I wonder here whether there is a unique American "collective guilt" passed down from generation to generation in Leftist elements of the American South. Have there been Leftist elements in the South for so many generations?

" . . . Europe has vanquished its most horrible monsters. Slavery was abolished, colonialism abandoned, fascism defeated, and communism brought to its knees. What other continent can claim more? In the end, the good prevailed over the abominable. Europe is the Holocaust, but it is also the destruction of Nazism; it is the Gulag, but also the fall of the Wall; imperialism, but also decolonization; slavery, but also abolition. In each case, there is a form of violence that is not only left behind but delegitimized, a twofold progress in civilization and in law. At the end of the day, freedom prevailed over oppression, which is why life is better in Europe than on many other continents and why people from the rest of the world are knocking on Europe’s door while Europe wallows in guilt.

"Europe no longer believes in evil but only in misunderstandings to be resolved by discussion and dialogue. She no longer has enemies but only partners. If she is nice to extremists, she thinks, they will be nice to her, and she will be able to disarm their aggressiveness and soften them up."

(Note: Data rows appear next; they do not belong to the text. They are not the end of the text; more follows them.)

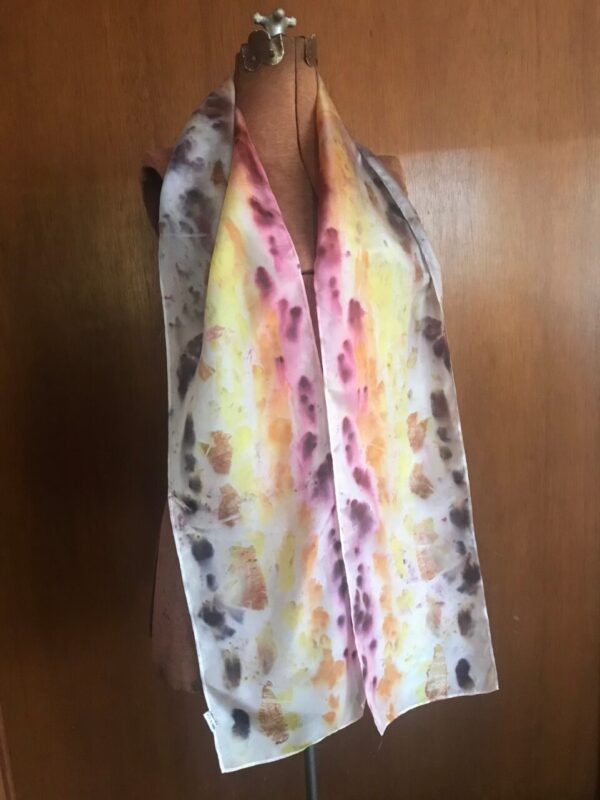 Long rainbow naturally hand dyed silk scarf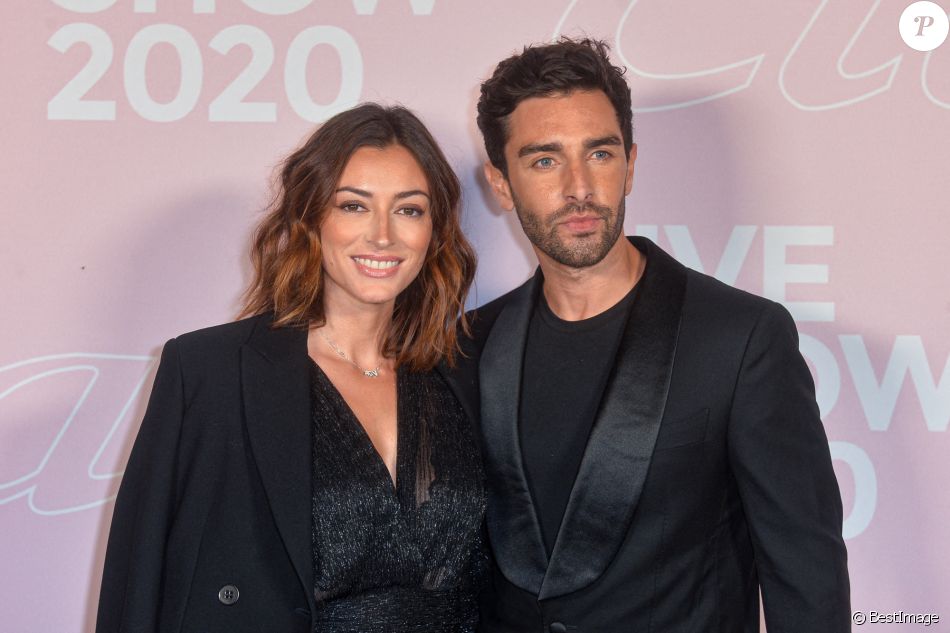 Rachel Legrain-Trapani et Valentin Léonard - Photocall du défilé Etam Live Show 2020 à Paris le 29 septembre 2020. © Pool Agence Bestimage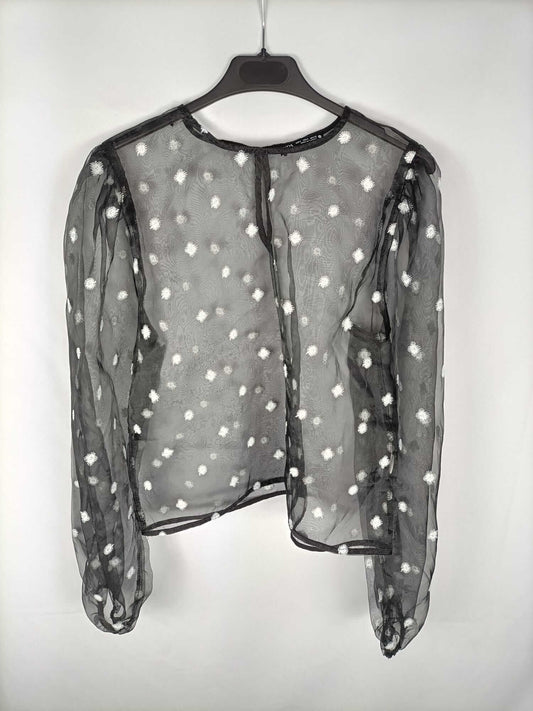 ZARA. Blusa negra margaritas bordadas T.s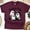 Maroon, variant on Spooky But Cuddly T-Shirt | Cute Ghost and Black Cat Halloween Graphic Tee, Maroon, Size S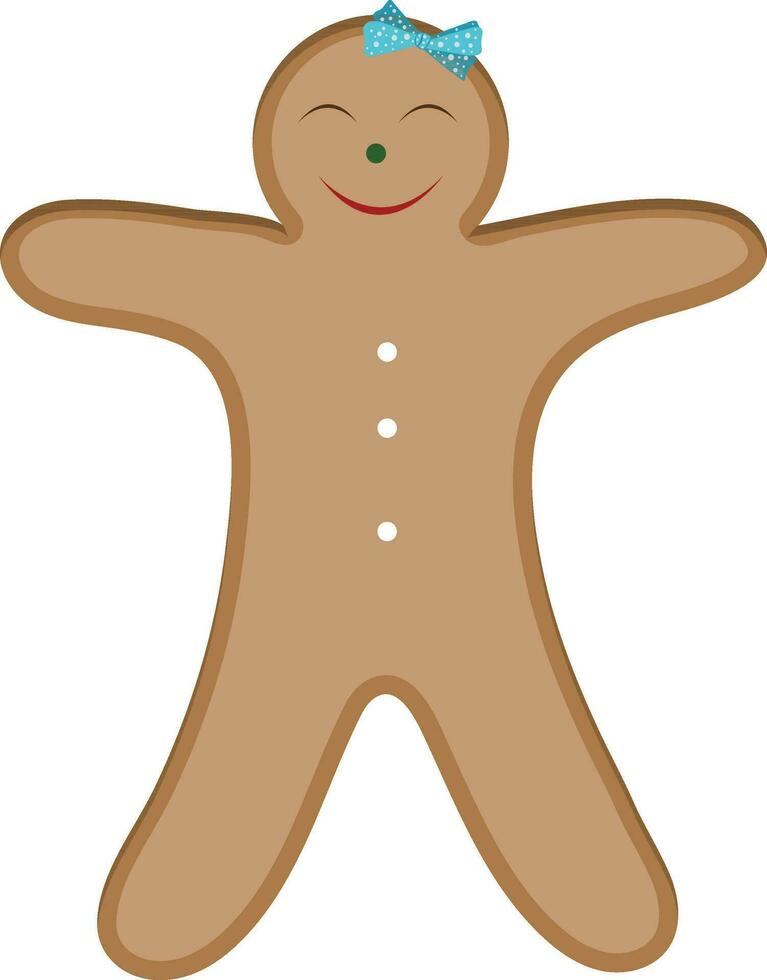 Cartoon gingerbread for Christmas celebration. vector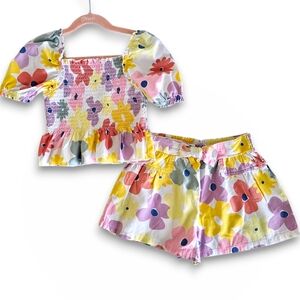 Floral Smocked Top and Shorts Set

Further down, Bruckner writes, " In its worst moments, Europe seeks peace at any price, even what Saint Thomas Aquinas called a bad peace—one that consecrates injustice, arbitrary power, and terror, a detestable peace heavy with vicious consequences. Europe postulates freedom for all but is content with just its own. It has a history, whereas America is still making history, animated by an eschatological tension toward the future. If the latter sometimes makes major mistakes, the former makes none because it attempts nothing. For Europe, prudence no longer consists in the art, defended by the ancients, of finding one’s way within an uncertain story. We hate America because she makes a difference. We prefer Europe because she is not a threat. Our repulsion represents a kind of homage, and our sympathy a kind of contempt."

Even further down Bruckner writes "Our lazy despair leads us not to fight injustice but to coexist with it. We delight in tranquil impotence, and we take up residence in a peaceful hell. We allow ourselves to be overwhelmed with words of blame, a role we willingly adopt so as to be accountable to no one and to avoid taking any part in world affairs. Remorse is a mixture of good will and bad faith: a sincere desire to close old wounds and a secret wish to be left alone. Eventually, indebtedness to the dead prevails over duty to the living. Repentance makes of us a people who apologize for old crimes in order to ignore present ones."

One might expect a "healthy soul," to borrow William James' expression who lives in Europe amongst so many "sick souls" to consider moving to a healthier climate, and I see that Pascal Bruckner "will be a visiting professor at Texas A&M University this autumn." But what can someone like Billy Blogblather, someone who lives in this "healthier climate" but finds it as unhealthy as Europe do? I have no answer to that. I do not understand Blogblather -- no more than I do the modern European. I wonder how many read this article in France and if any were swayed by it. Given the content, I would guess not many and no.